Seeking within the language of painting an encounter with mechanical reproduction and sublimation, DeLaney presents us with groupings of unique ink drawings and paintings that have been hand-rendered to create distinct versions of the same image. Through this style of replication, the artworks re-situate photographic and mechanical reproduction within the psyche, and create a deeper connection to the process of physical engagement through precise technique.
DeLaney’s titular painting Kill Yourself Death Cult Goes Door to Door to Spread the Word of Love documents a process in which original photographs, stock images and patterns are combined into new configurations inconsistent with a single, identifiable aesthetic or painting technique.

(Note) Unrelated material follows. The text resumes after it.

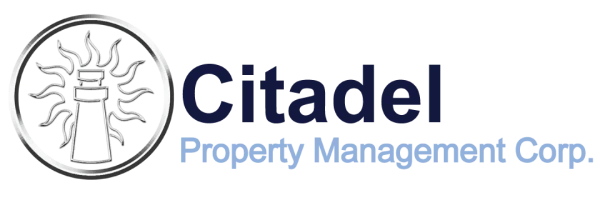 Citadel NYC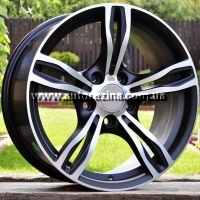 Replica RZE492 R18 5/120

The works on paper consist of stills from Cecil B. Demille’s 1934 Cleopatra and are rendered in ink with a delicate eye toward their original greyscale configuration, seemingly interrogating the infinite variations that emerge within the photocopy-like images.
The works outline the artist’s occupation with modes of reproduction, cultural decline, and occult imagery, while engaging with possible alignments between the collapse of the ancient Egyptian Ptolemaic dynasty and the unraveling of post-industrial European-American supremacy. In this context the suicide of Cleopatra, ending a dynasty, bridges individual death with cultural demise. Similarly the Kill Yourself Death Cult, a parody of present-day unsustainability and sensationalism, provides the artist's insight into the rationale for cultural entropy.
DeLaney also reveals a problem regarding the authenticity and unique character of mass-production; in an era in which we are accustomed and numbed by the repetition of familiar products, these pictures showcase the absolute impossibility of molecularly and spiritually identical objects. His work brings to mind Theseus' paradox, in which all the component parts of an object are shifted while it is asserted that the object has retained its character and authenticity.